By | 22 Desember 2019

Usaha Geolistrik Air Tanah Kotabaru

Usaha Geolistrik Air Tanah Kotabaru Terbaik

METODE GEOLISTRIK

Geolistrik merupakan suatu  metode geofisika yang mempunyai tujuan mengetahui sifat-sifat kelistrikan lapisan batuan di bawah permukaan tanah dengan cara menginjeksikan arus listrik ke di dalam tanah. Geolistrik merupakan keliru satu metode geofisika aktif, karena arus listrik berasal dari luar sistem. Tujuan utama berasal dari metode ini sesungguhnya adalah melacak resistivitas atau tahanan jenis dari batuan. Resistivitas atau tahanan style adalah besaran atau parameter yang perlihatkan tingkat hambatannya terhadap arus listrik . Batuan yang punyai resistivitas semakin besar, menyatakan bahwa batuan berikut sulit untuk dialiri oleh arus listrik. Selain resistivitas batuan, metode geolistrik juga sanggup dipakai untuk pilih sifat-sifat kelistrikan lain layaknya potensial diri dan medan induksi.

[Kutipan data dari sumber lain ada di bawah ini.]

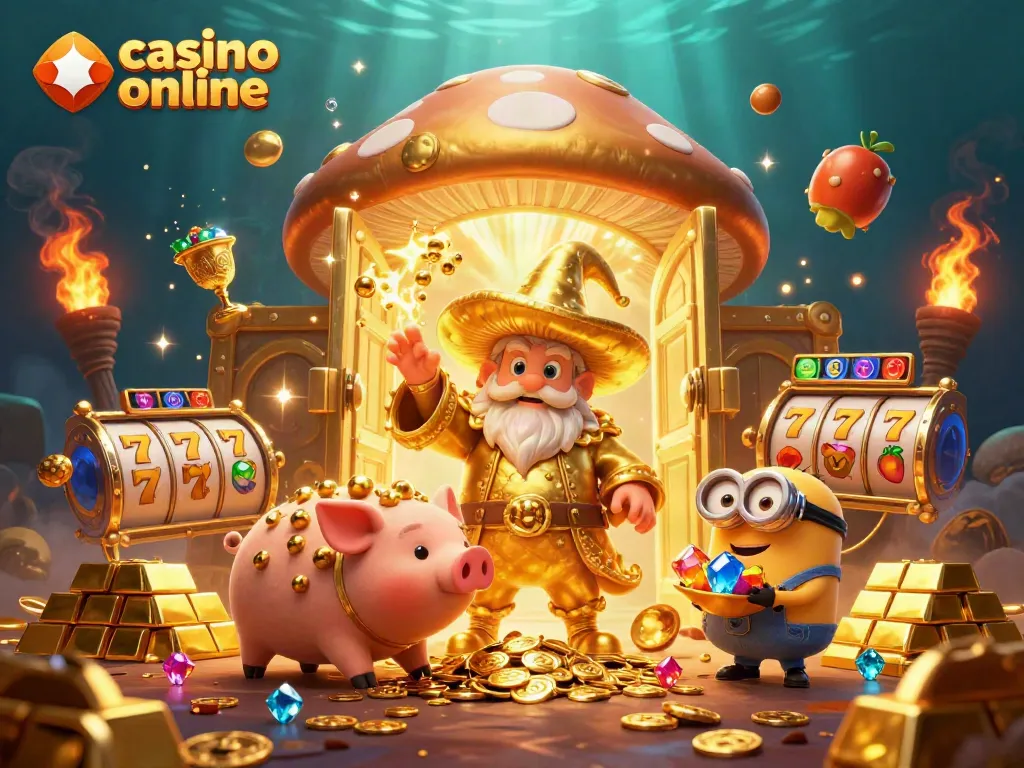 jugando en casino online con un mago dorado que transforma todo en oro y personajes de fantasía detrás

Resistivitas batuan mampu diukur dengan memasukkan arus listrik ke di dalam tanah lewat 2 titik elektroda di permukaan tanah dan 2 titik lain untuk mengukur beda potensial di permukaan yang sama. Hasil pengukuran geolistrik mampu berbentuk peta sebaran tahanan jenis baik bersama dengan type mapping atau horisontal maupun sounding atau kedalaman. Hasil pengukuran geolistrik mapping maupun sounding sesuai bersama keperluan diadakannya akuisisi knowledge dan juga type konfigurasi yang digunakan.

Penggunaan geolistrik pertama kali dijalankan oleh Conrad Schlumberger pada th. 1912. Geolistrik merupakan keliru satu metoda geofisika untuk jelas pergantian tahanan style susunan batuan di bawah permukaan tanah bersama cara mengalirkan arus listrik DC (‘Direct Current’) yang membawa tegangan tinggi ke didalam tanah. Injeksi arus listrik ini pakai 2 buah ‘Elektroda Arus’ A dan B yang ditancapkan ke dalam tanah bersama dengan jarak tertentu. Semakin panjang jarak elektroda AB dapat membawa dampak aliran arus listrik dapat menembus susunan batuan lebih dalam.

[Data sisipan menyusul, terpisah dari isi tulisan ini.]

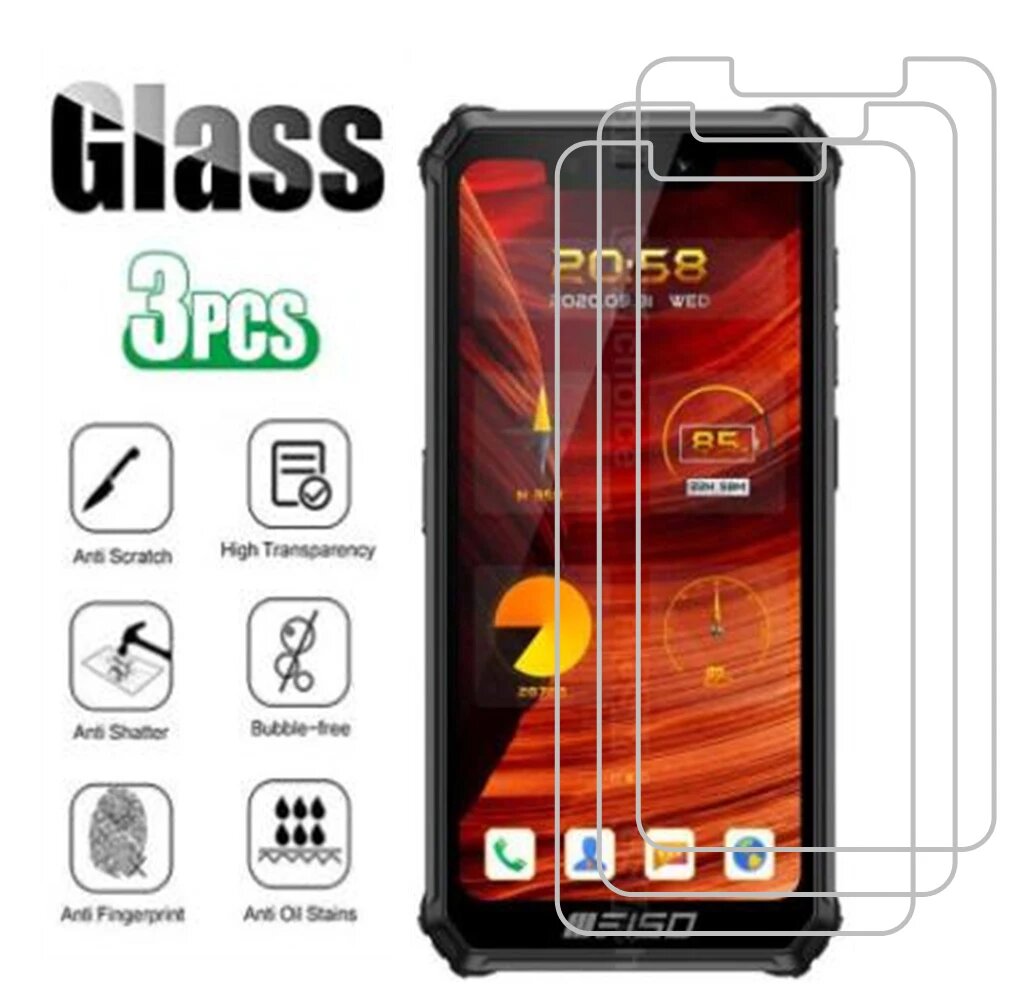 3 шт, закаленное защитное стекло для смартфона Oukitel F150 R2022, Oukitel F150 R2022, Закаленное стекло, 3PCS Tempered Glass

Dengan terdapatnya aliran arus listrik tersebut maka bakal mengakibatkan tegangan listrik di didalam tanah. Tegangan listrik yang berjalan di permukaan tanah diukur dengan  penggunakan multimeter yang terhubung lewat 2 buah ‘Elektroda Tegangan’ M dan N yang jaraknya lebih pendek berasal dari pada jarak elektroda AB. Bila posisi jarak elektroda AB diubah menjadi lebih besar maka tegangan listrik yang berjalan terhadap elektroda MN turut berubah cocok bersama dengan Info style batuan yang ikut terinjeksi arus listrik terhadap kedalaman yang lebih besar.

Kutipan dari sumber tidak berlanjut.